Jessie's been conlanging her whole life, and now makes a living as a professional conlanger. Working with me she's created languages for Freeform's Motherland: Fort Salem, Peacock's Vampire Academy, Pixar's Elemental, Legendary's Dune, and, premiering today, the Kryptonian language Suh Ankripton in Warner Bros.' Suerpman!
Additionally, Jessie has always been invested in putting together resources for conlangers. She created the Conlang Year project, to help conlangers build a language by doing a small piece of work each day; the massive Conlang-Venture .pdf, which is a choose-your-own-adventure that guides you through naturalistic conlanging; and the conlang GramBank spreadsheet, to help conlangers share their work more effectively. This year, though, she's come out with her biggest and best resource to date.

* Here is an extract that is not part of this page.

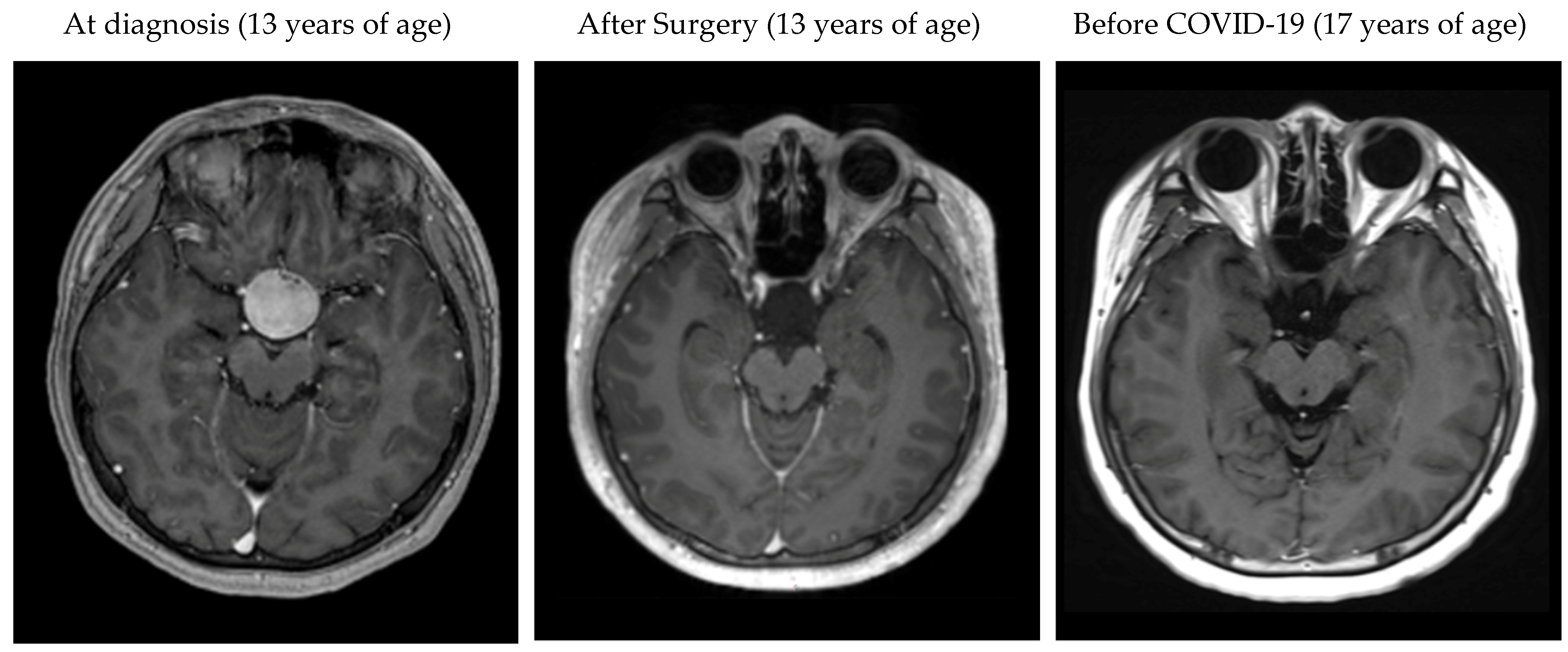 小児神経の画像診断 = Diagnostic Imaging of Infan…
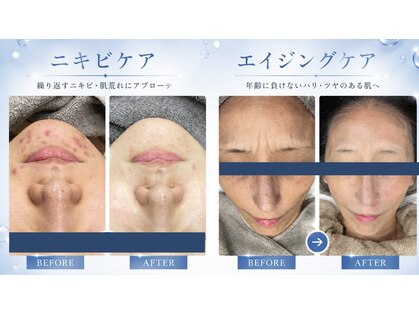 レベンディス(LEVENDIS)の写真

Coming out this October, Cambridge University is publishing Jessie's brand new conlang textbook How to Create a Language: The Conlang Guide:

If you ever wanted to read a book that went into more depth than The Art of Language Invention and with greater clarity, this is that book. Weighing in at nearly 500 pages, you can pre-order the book now, or wait until Kopikon when we'll have copies on hand for sale!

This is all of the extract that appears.